Conservative pundit Eddie Anderson spoke against the resolution. The previous night at a County Commission meeting, according to the Reno Gazette-Journal, Anderson had “shouted” that peace resolution supporters were “cowards.” Now he seemed to take a more politick approach. “I don’t support war,” he said. “I saw the ravages of war. Today I salute those people who are willing to take to the streets to protest.” He spoke of his past as a civil-rights activist. He said we needed to support our president in the war effort.

In the hallway, Anderson’s tact evaporated as, out of the blue, he rushed at a reporter, denouncing the leftist bosses who run the local newsweekly. Later, Councilwoman Toni Harsh commented, mistakenly, that the same RN&R reporter had spoken in favor of the peace resolution during the public-comment period.

In her latest book, writer Joan Didion remarks on America’s “fixed ideas” since 9/11, a cultural unwillingness or inability to form complex thoughts on complex issues. New York Times associate editor Frank Rich seconds Didion’s observation that free political dialogue has been discouraged. Locally, District Attorney Dick Gammick has questioned “what [the peace demonstrators] are thinking.” Nationally, some have interpreted remarks by President Bush as questioning the patriotism of peace demonstrators. Civil libertarians worry that an “us-versus-them” perception has curtailed a citizen’s right to free and open dissent.

Nothing that happened during the council meeting alleviated these fears.

It was impossible for council to adopt or reject the resolution, since it wasn’t actually on the agenda. Nonetheless, when citizens rise to speak passionately on a single issue, it can generally be expected that elected officials will have something to say. In this instance, however, only Jessica Sferrazza spoke, saying that the city didn’t have appropriate information to advise the federal government and that “it may be a disservice to the public to take a position either way.”

According to Axelrod, Sferrazza said privately that if the city were going to pass a resolution, it would pass one in support of war.

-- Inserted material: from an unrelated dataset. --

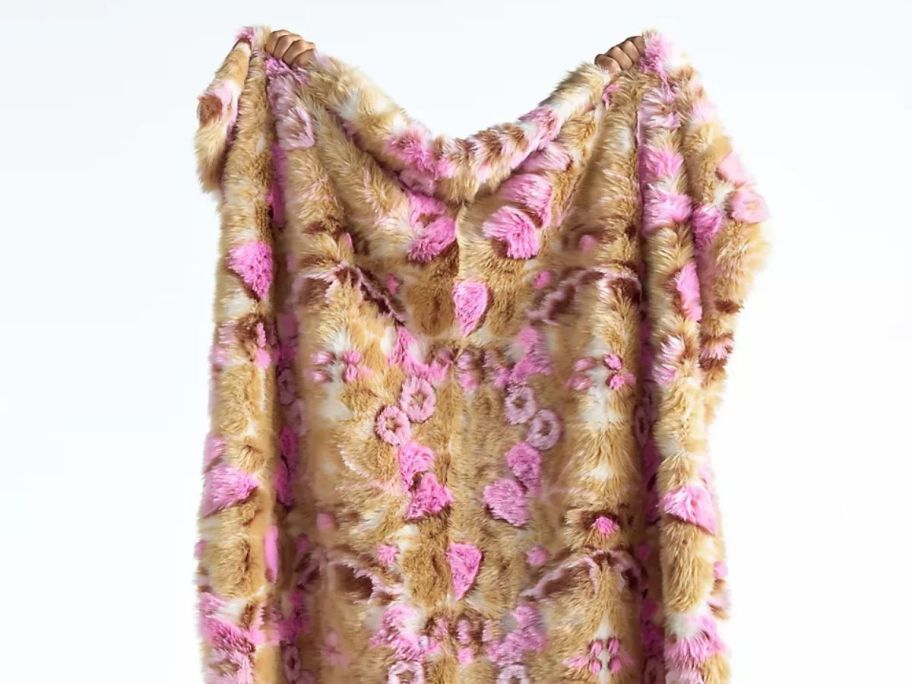 person holding Anthropologie Cordelia Jacquard Floral Faux Fur Throw Blanket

Still, if council had a pro-war resolution before it, would Axelrod be so keen to have the body voice an opinion? “I would support public debate on the issue,” she said.

It’s the proper role of city government to take a position on war, she argued, which is ultimately a domestic issue. Cities including Austin, Santa Fe and Seattle appear to agree with her.

According to a recent KTVN Channel 2 survey during a 5:30 p.m. news broadcast, 94 percent of Reno-area respondents opposed the peace resolution.